Biblical Prophecy • Israel • Last Days
The claim that Trump is doing Israel's bidding in the Middle East is everywhere. Scripture offers a very different explanation for what is actually happening — one that predates Netanyahu by three thousand years.
By Kelly Smith
The accusation has become a staple of political commentary across the spectrum: Trump is doing Netanyahu's bidding. The wars in the Middle East, the support for Israel, the pressure on Iran — all of it, according to this narrative, traces back to a foreign prime minister pulling the strings of an American president. Trump, in this telling, is not a leader acting on conviction. He is a puppet.
I want to take this accusation seriously rather than dismiss it, because it touches on real concerns about foreign influence, American sovereignty, and the staggering rise of antisemitism that has accompanied it. But I also want to offer a framework that I believe is far more accurate than the puppet master narrative — one grounded not in political speculation but in thousands of years of prophetic scripture.
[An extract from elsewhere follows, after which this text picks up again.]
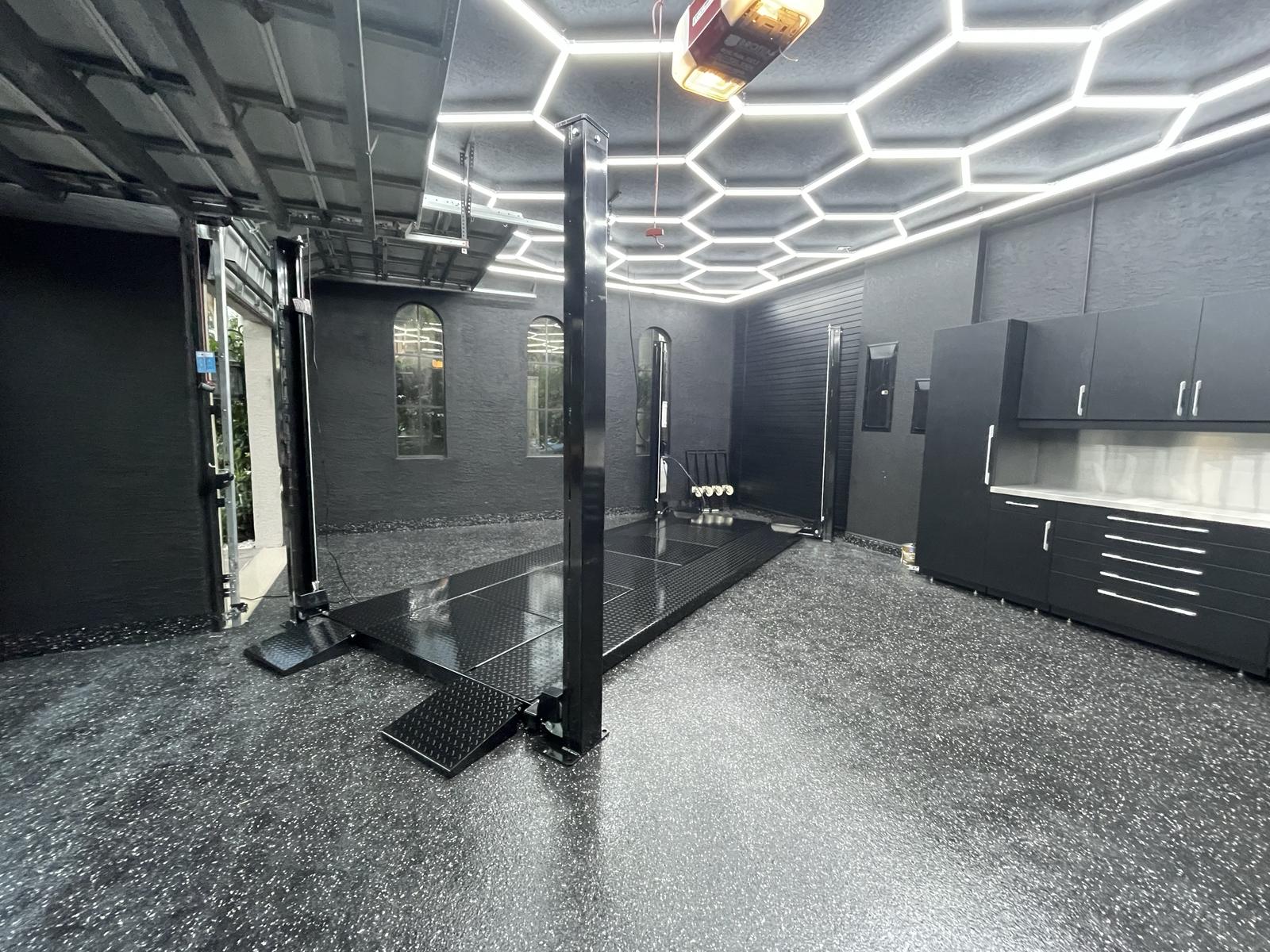 A STAK four-post lift lowered in a home garage, platform and drive-on ramp at floor level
The events unfolding in the Middle East right now are not the result of Netanyahu controlling Trump. They are the early stages of the fulfillment of a covenant God made with Abraham roughly four thousand years ago. Understanding that covenant changes everything about how you read the current news cycle.
Before anything else, I want to go on record clearly: the hatred of any people based on their ethnicity or religion is morally indefensible and historically catastrophic. Every time in history that antisemitism has been allowed to take root and grow, the outcome has been horrifying — for the Jewish people and ultimately for the societies that cultivated it. The current wave of antisemitism rising across the Western world is alarming, and no serious student of history or scripture should be comfortable with where it leads.
Yes, individuals of Jewish background have sometimes wielded financial and political power in ways that caused enormous harm. But that statement is equally true of individuals from every religious, ethnic, and national background throughout human history. Power corrupts people. That is a human problem, not a Jewish one. The moment we attach the behavior of corrupt individuals to an entire people, we have crossed a line that scripture, history, and basic moral reasoning all condemn.
God made a covenant with Abraham and his seed. That covenant has never been revoked. Whatever political disagreements anyone may have with the current government of Israel, the Jewish people remain covenant people with a divine destiny that is still unfolding. Treating them as a monolithic enemy is not only morally wrong — it is scripturally illiterate.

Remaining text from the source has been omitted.